Political parties in the post-Soviet states of the South Caucasus have been very different types of institutions from their counterparts in western democracies. In Armenia ‘no party fulfills the fundamental roles of aggregating the public's interest, offering policy alternatives, or organizing meaningful debate over public concerns’. According to a former country director of the National Democratic Institute in Azerbaijan, a U.S. organization that trains parties in many countries, parties in Azerbaijan ‘are a disaster. That assessment includes the ruling party, the opposition parties and the ones created on behalf of the government to placate the West.’ In Georgia, parties have been viewed as ‘fundamentally different sorts of organizations from their western counterparts’. Evidently then, the study of party politics in the South Caucasus is challenging and demands an unconventional approach.

The two key outcomes that distinguish party politics in the South Caucasus from party politics in western democracies, since 1991, are the impact of authoritarian practices and a great degree of volatility. The impact of authoritarian practices has been manifest in the creation of political parties, mainly by regime actors, that have distorted the electoral playing field. Volatility in party politics in the South Caucasus has been reflected in a continuously changing supply of parties – in Georgia more so, in Azerbaijan less so – as well as in shifting electoral coalitions and volatility within parties, and is fed by the inherent weakness of most party organizations.

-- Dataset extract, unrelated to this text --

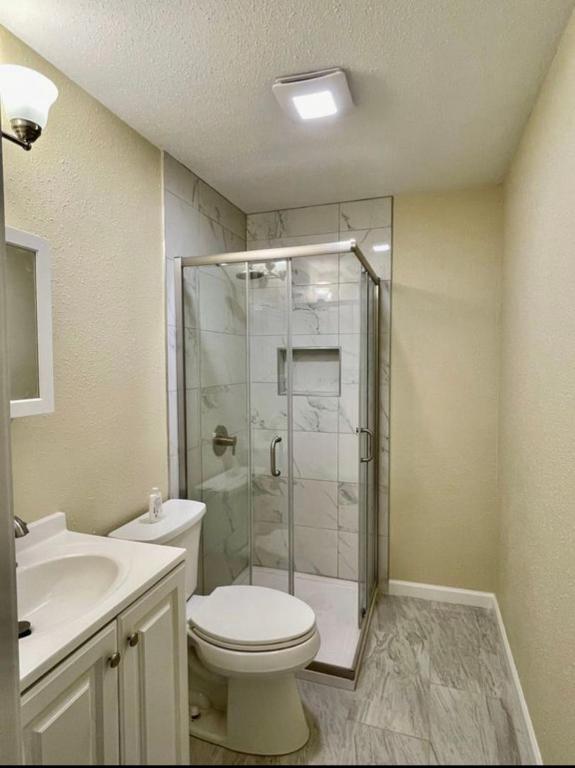 a bathroom with a shower and a toilet and a sink at Private Room "Cherry" by UW in Seattle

A common conclusion about party politics in all three South Caucasus states is that parties are short of credible roots in society and are essentially driven by elite actors. Considering the combination of a low degree of party system institutionalization and the elite-driven nature of party politics in the post-communist world, it has been suggested that ‘much more emphasis should be put on understanding the incentive structures of elites that encourage or discourage stability [of party systems]’. This article takes up the call of studying the incentive structures of the elites who are behind the creation and operation of parties in the South Caucasus, in order to better understand the dynamics of party politics in the region.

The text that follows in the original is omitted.